The ideal hash function has four main properties:

  • it is easy to compute the hash for any given data,
  • it is extremely difficult to construct a text that has a given hash,
  • it is extremely difficult to modify a given text without changing its hash,
  • it is extremely unlikely that two different messages will have the same hash.

These requirements call for the use of advanced cryptography techniques, hence the name.

Cryptographic hash functions have many applications, such as message integrity checks, digital signatures, authentication, and various information security applications. Their hash values can also be used as fingerprints for detecting duplicate data files, file version changes, and similar applications, or as checksums to guard against accidental data corruption. Indeed, cryptographic hash values are often called (digital) fingerprints or checksums, although these are somewhat different concepts. Cryptographic hash functions should not be confused with plain hash functions which are used to map data to indices into a hash table.

In various standards and applications, the two most commonly used hash functions are MD5 and SHA-1 (other well known hash functions are listed below). In 2005, security flaws were identified in both of these, namely that a possible mathematical weakness might exist, indicating that a stronger hash function would be desirable. The function SHA-256 seems as of 2006 free from those weaknesses. In 2007 the National Institute of Standards and Technology announced a contest to design a hash function which will be given the name SHA-3 and be the subject of a FIPS standard.[1]

Overview

A cryptographic hash function (specifically, SHA-1) at work. Note that even small changes in the source input drastically change the resulting output, by the so-called avalanche effect.

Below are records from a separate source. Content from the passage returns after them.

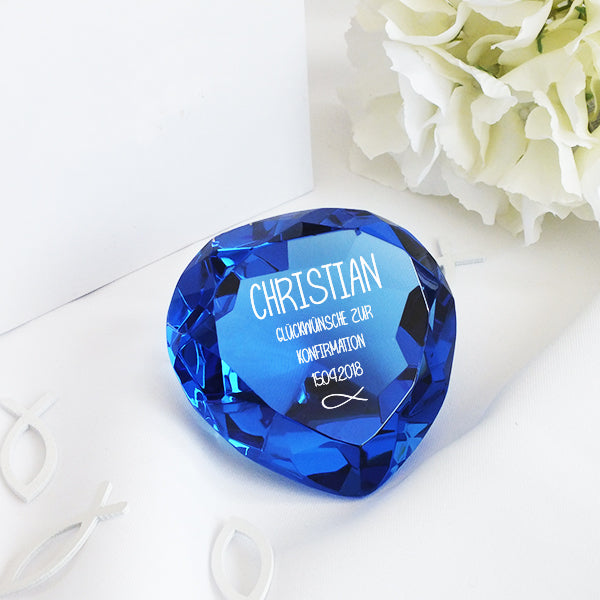 Glasdiamant zur Konfirmation mit Gravur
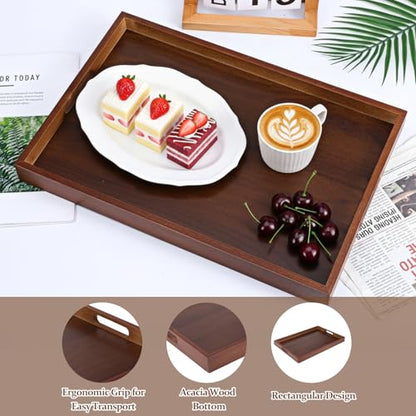 HANLANXUE 2 Pcs 17 Inch Acacia Wood Serving Trays with Handles, Large Wooden Tray Platter for Ottoman, Breakfast in Bed, Coffee Table, Decorative Rectangular Tray for Living Room Bedroom Kitchen
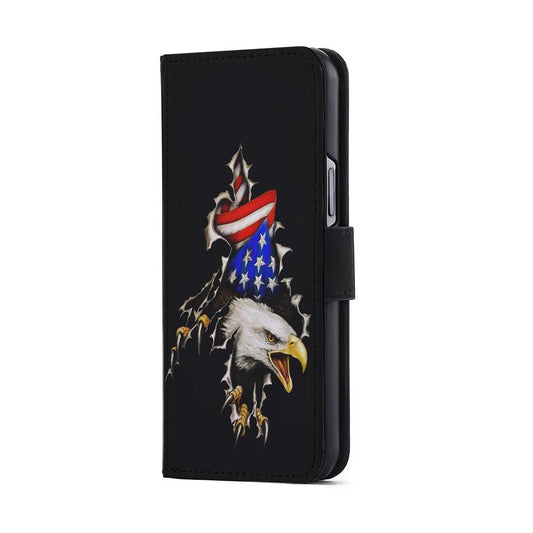 Eagle American Flag Patriotic Flip Wallet Phone Case-Oxvistore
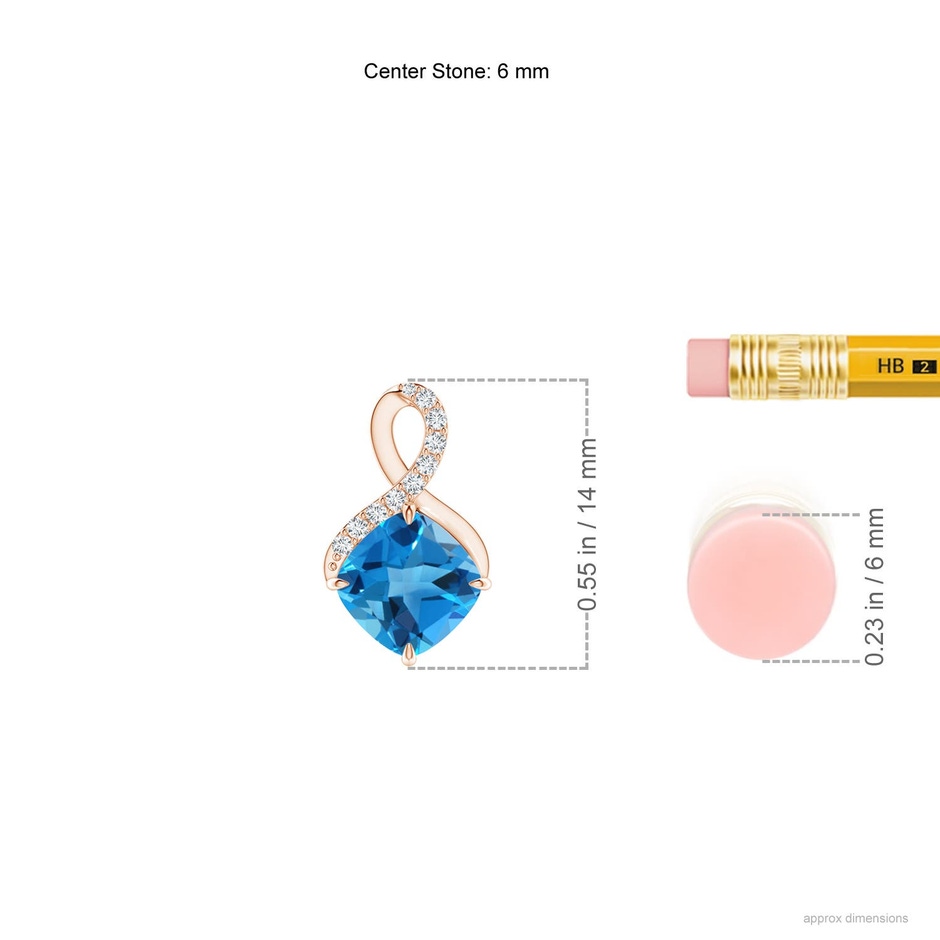 6mm AAAA Claw-Set Swiss Blue Topaz Infinity Pendant with Diamonds in Rose Gold ruler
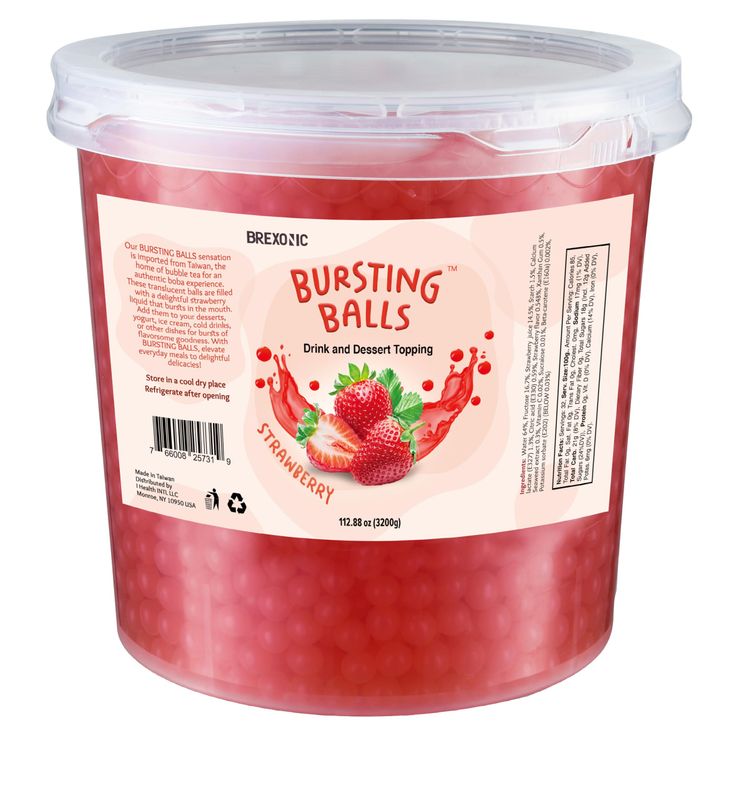 Strawberry Boba Pearls, Strawberry Popping Boba Bursting Boba, Strawberry Bubble Tapioca Pearls For Bubble Tea (Strawberry, 7 LB 1 Pack)
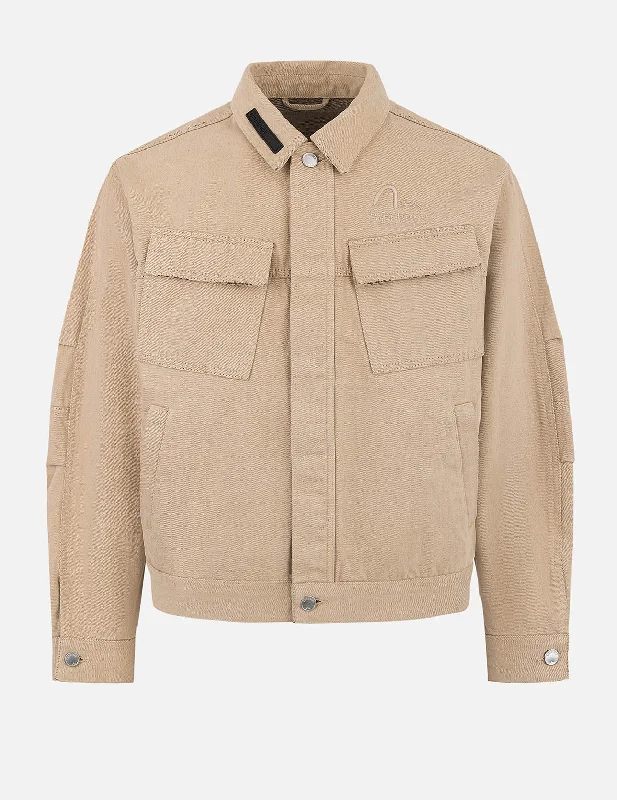 Low Prices Two Tone Distressed Relax Fit Trucker Jacket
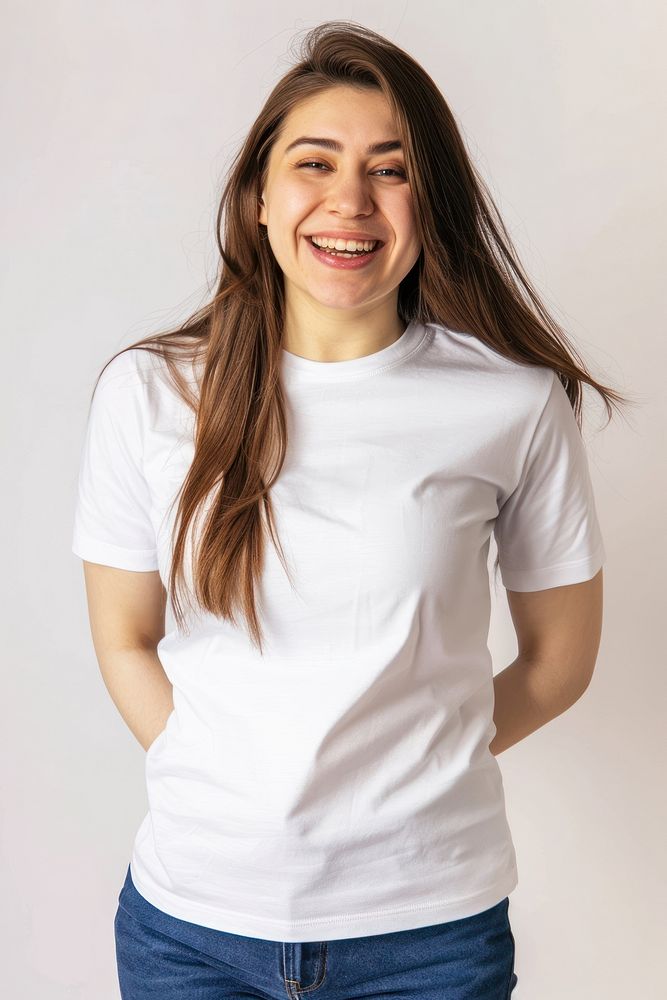 Female model laughing t-shirt blouse.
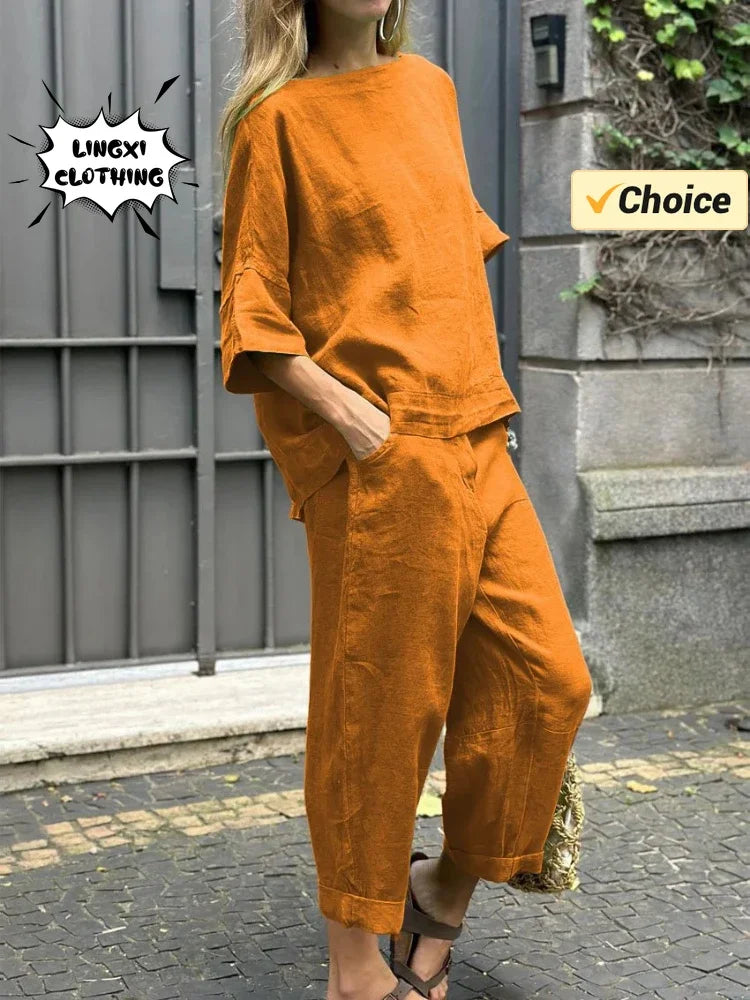 Summer Fashion New Style Matching Series Round Neck Cotton Linen Top High Waist Wide Leg Long Pants Set Plus Size Women's Wear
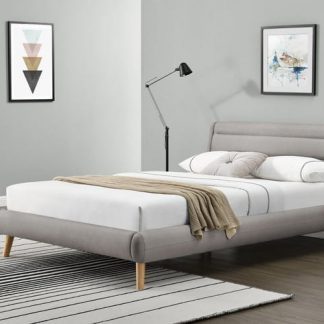łóżko tapicerowane tkaniną z wezgłowiem - 140 x 200 cm - elanda 5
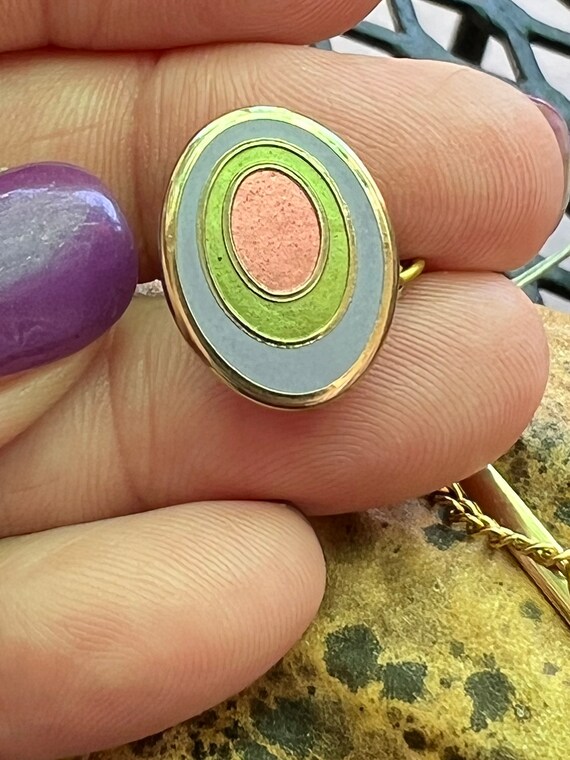 Vintage Peach, Lime & Blue Easter Egg Tie Tack with Chain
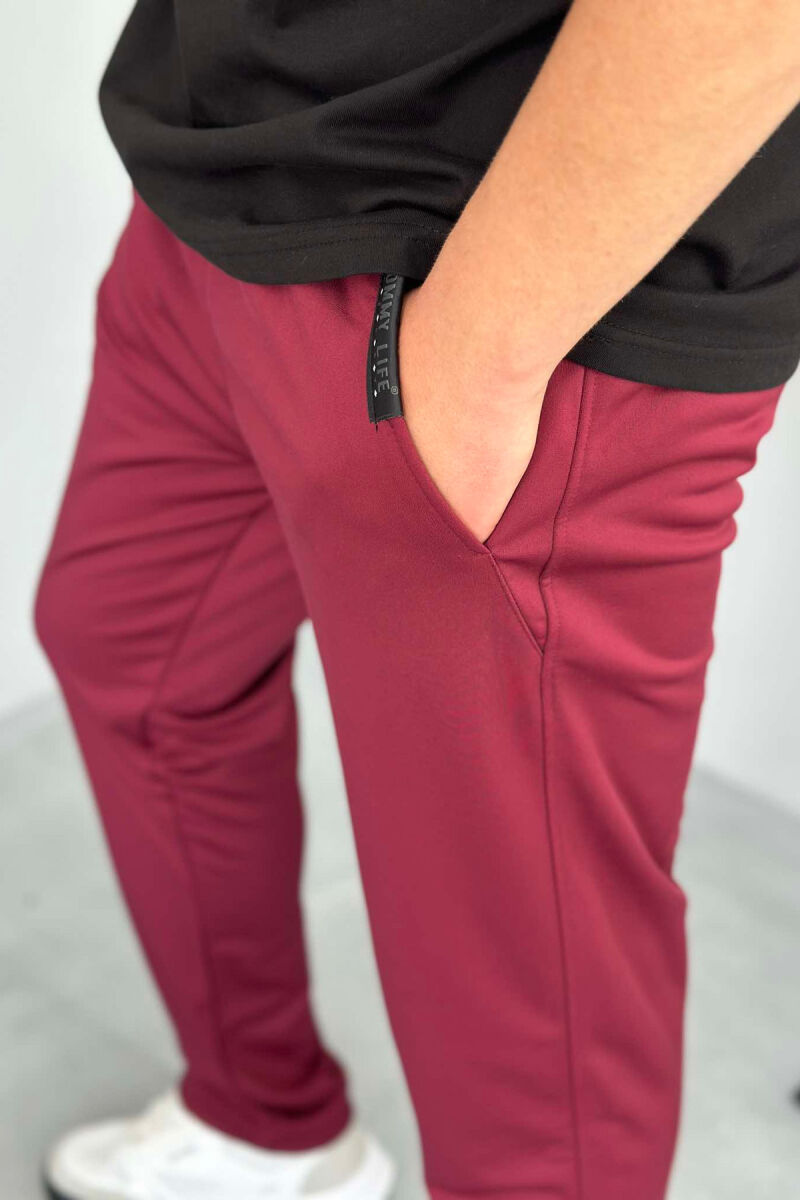 SIMPLE ONE COLOR MAN SWEATPANTS BUYRDGUNDY/VISHNJE - 3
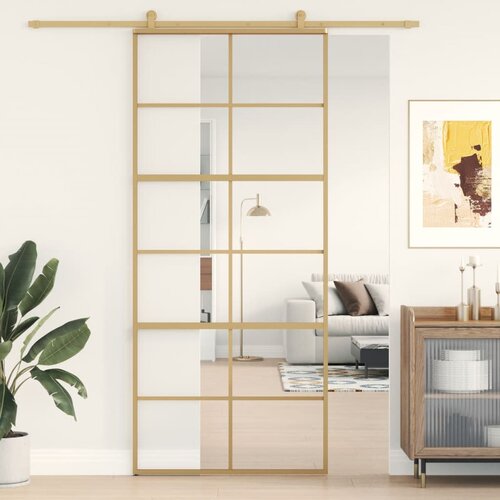 vidaXL Klizna vrata zlatna 90 x 205 cm prozirno staklo ESG i aluminij Cijene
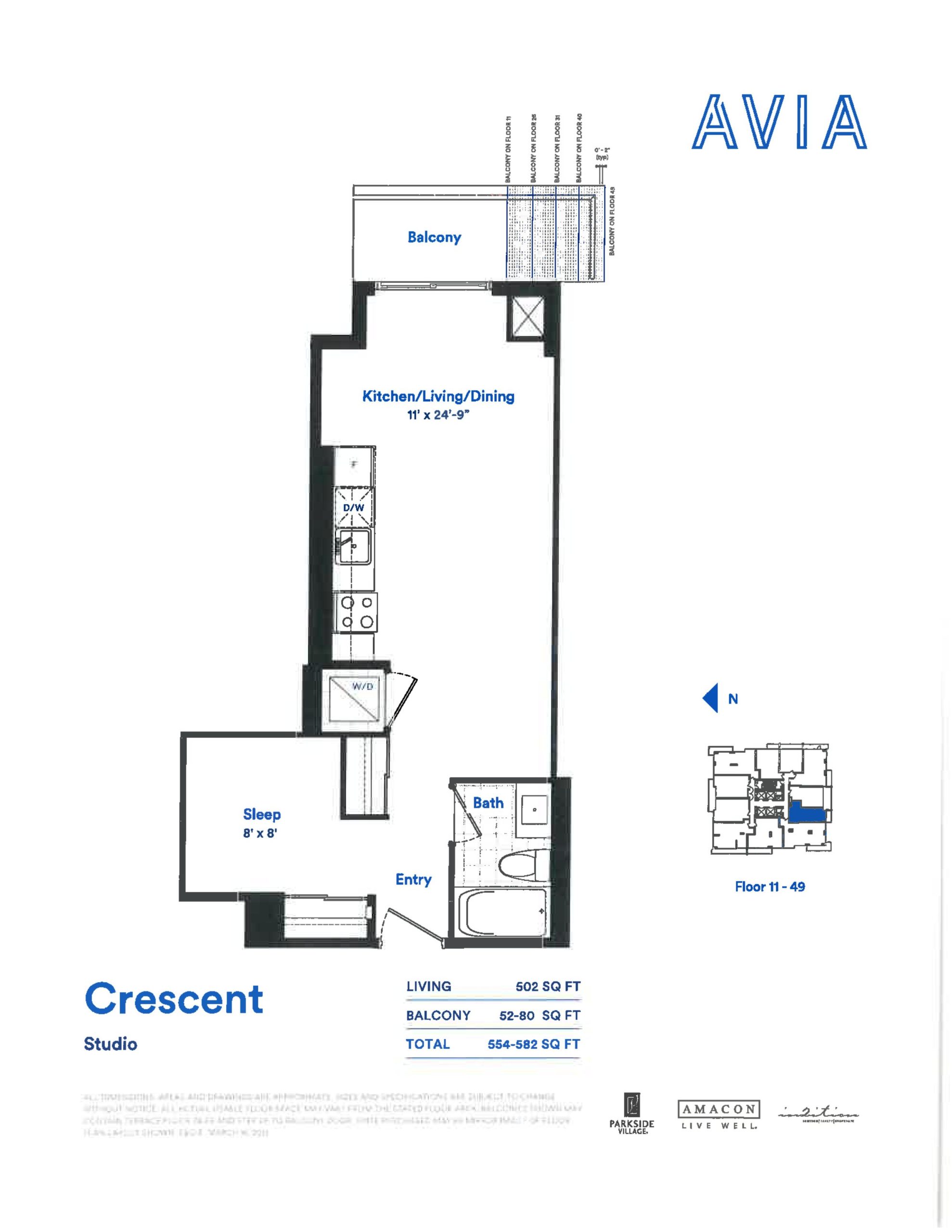 Crescent floor plan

Most cryptographic hash functions are designed to take a string of any length as input and produce a fixed-length hash value. The four basic properties listed above imply that not even a malicious adversary can replace or modify the input data without changing its digest. Thus, if two strings have the same digest, one can be very confident that they are identical.

Ideally, one may wish for even stronger conditions. It should be impossible for an adversary to find two messages with substantially similar digests; or infer any useful information about the data, given only its digest. Therefore, a cryptographic hash function should behave as much as possible like a random function while still being deterministic and efficiently computable.

Related algorithms

Checksums and cyclic redundancy checks (CRCs) are quite distinct from cryptographic hash functions, and are used for different applications. If used for security, they are vulnerable to attack; for example, a CRC was used for message integrity in the WEP encryption standard, but an attack was readily discovered which exploited the linearity of the checksum specified.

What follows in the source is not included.